**TASK DESCRIPTION:** Although the data holds pictures, return only the lines from the one containing "Office space includes" to the end, exactly, and without them.

**DATA BLOCK:**
◇ ◇ ◇ ◇
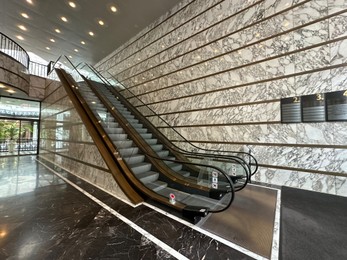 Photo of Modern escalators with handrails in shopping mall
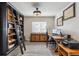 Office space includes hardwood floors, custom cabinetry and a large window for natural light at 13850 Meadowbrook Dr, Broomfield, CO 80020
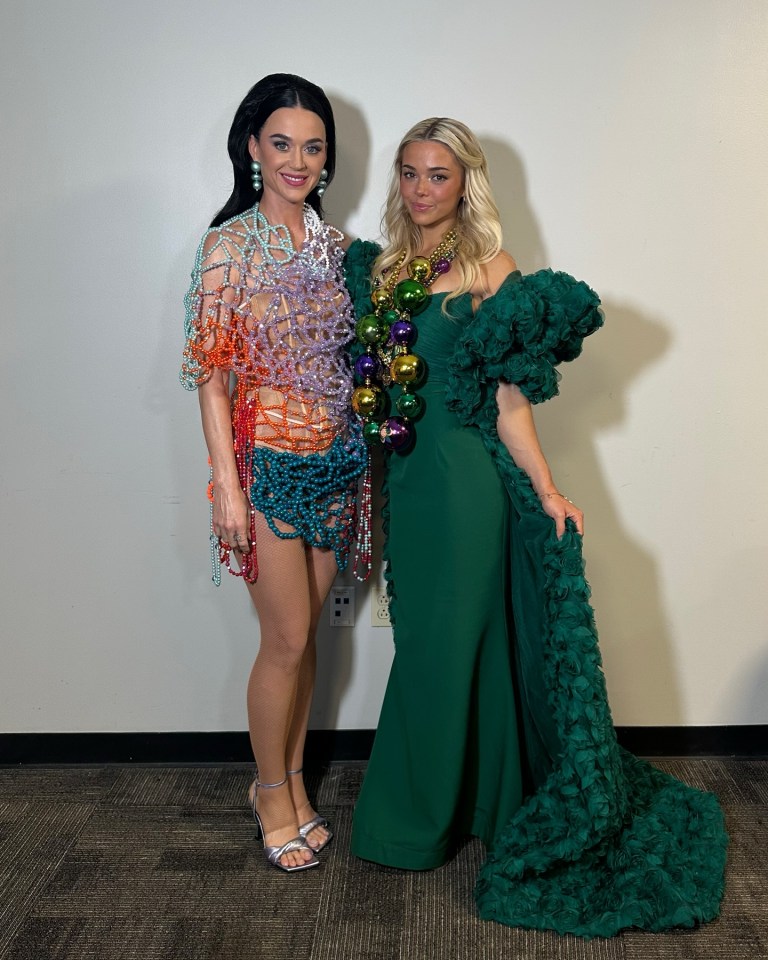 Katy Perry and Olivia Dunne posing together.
◇ ◇ ◇ ◇
**RESULT FOR THIS TASK:**
 Office space includes hardwood floors, custom cabinetry and a large window for natural light at 13850 Meadowbrook Dr, Broomfield, CO 80020
 Katy Perry and Olivia Dunne posing together.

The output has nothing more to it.